Doni, menelan secangkir espreso di cafe ternama. Hari itu, ia baru saja check out dari hotel bintang lima. Konten hoaks buatan semalam, tak butuh waktu lama untuk trending. Transfer dana dari klien, ia bagi segera pada ratusan support yang dipakai.
Ratusan konten hoaks, telah dituntaskan. Dan ribuan konten, menanti dieksekusi. Musim panen sepanjang tahun. Tahun politik tak pernah berakhir, ia masih sibuk. Bahkan setelah presiden dua kali dilantik, intrik berupa hoaks masih ramai dipesan.
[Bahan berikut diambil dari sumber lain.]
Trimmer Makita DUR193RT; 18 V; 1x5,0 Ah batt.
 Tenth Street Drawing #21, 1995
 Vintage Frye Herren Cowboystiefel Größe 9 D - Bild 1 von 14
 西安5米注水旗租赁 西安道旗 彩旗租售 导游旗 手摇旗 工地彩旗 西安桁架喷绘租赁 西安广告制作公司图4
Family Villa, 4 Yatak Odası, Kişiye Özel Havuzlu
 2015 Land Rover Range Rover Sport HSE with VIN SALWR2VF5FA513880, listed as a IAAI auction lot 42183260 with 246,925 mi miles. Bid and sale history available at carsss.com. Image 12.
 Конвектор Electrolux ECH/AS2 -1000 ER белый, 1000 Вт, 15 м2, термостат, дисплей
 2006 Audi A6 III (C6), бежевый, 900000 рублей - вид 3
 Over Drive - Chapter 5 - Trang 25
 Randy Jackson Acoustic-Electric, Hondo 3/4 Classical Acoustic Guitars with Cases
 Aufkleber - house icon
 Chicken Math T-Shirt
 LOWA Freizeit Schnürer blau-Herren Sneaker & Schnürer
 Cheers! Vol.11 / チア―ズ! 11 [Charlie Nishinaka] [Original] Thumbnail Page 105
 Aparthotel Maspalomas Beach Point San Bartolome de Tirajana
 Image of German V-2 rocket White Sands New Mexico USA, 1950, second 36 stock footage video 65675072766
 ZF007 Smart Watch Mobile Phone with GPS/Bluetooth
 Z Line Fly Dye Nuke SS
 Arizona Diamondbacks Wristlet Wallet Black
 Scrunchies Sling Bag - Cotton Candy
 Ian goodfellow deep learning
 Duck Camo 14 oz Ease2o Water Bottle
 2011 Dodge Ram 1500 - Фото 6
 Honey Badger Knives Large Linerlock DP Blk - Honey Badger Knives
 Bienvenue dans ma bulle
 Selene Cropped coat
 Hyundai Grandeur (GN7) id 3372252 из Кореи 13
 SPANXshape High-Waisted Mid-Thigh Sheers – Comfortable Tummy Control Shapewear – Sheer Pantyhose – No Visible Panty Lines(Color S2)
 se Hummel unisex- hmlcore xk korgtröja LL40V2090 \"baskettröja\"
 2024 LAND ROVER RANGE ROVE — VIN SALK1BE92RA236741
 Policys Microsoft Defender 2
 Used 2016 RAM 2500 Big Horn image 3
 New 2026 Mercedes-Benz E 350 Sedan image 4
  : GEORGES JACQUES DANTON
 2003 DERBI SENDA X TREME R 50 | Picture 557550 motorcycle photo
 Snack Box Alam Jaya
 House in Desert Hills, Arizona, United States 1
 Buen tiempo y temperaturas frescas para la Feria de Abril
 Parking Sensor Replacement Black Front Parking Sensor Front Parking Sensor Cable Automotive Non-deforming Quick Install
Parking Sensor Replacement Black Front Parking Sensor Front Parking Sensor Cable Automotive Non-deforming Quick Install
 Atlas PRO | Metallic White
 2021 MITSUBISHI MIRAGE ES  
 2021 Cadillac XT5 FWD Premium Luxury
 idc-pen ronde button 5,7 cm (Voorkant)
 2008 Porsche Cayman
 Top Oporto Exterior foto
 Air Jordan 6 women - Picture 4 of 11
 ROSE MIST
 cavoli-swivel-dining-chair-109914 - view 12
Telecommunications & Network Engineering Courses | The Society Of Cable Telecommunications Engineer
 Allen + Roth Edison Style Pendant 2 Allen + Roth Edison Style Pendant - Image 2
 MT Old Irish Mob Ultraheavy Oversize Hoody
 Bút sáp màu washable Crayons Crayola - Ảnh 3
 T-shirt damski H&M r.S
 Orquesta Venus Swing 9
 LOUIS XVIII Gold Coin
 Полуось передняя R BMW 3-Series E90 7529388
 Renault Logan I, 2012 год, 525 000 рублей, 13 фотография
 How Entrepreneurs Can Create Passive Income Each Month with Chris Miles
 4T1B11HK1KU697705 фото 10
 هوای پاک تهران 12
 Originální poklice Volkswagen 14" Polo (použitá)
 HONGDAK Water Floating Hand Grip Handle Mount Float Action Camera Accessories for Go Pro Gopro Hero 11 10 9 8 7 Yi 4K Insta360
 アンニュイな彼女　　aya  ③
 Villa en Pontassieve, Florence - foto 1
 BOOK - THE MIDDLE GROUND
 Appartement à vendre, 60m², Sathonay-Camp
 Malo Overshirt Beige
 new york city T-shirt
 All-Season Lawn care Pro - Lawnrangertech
Menciptakan air keruh untuk para spekulan politik. Cukup lama ia kerjakan. Genap lima belas tahun lalu. Iseng-iseng stalking mantan, akhirnya terjebak dalam jejaring digital.
Entah, apa nama yang cocok untuk jenis pekerjaan Doni. Hacker, Buzzer, Hacktivis, Konten Creator Politik, Ghost Writer Hoaks.
Peluang apapun akan diambil asalkan tidak menjauhkan dirinya dengan monitor dan jejaring internet. Klien bisa dari mana saja. Kepentingan apa saja, dan bangsa manapun akan ia layani dengan satu syarat. Nominal uang yang banyak.
Doni meninggalkan uang tip untuk pelayan wanita di cafe. Mencoret tagihan bon dengan spidol warna ungu. Love. Ia merasa pelayan itu mirip dengan mantannya.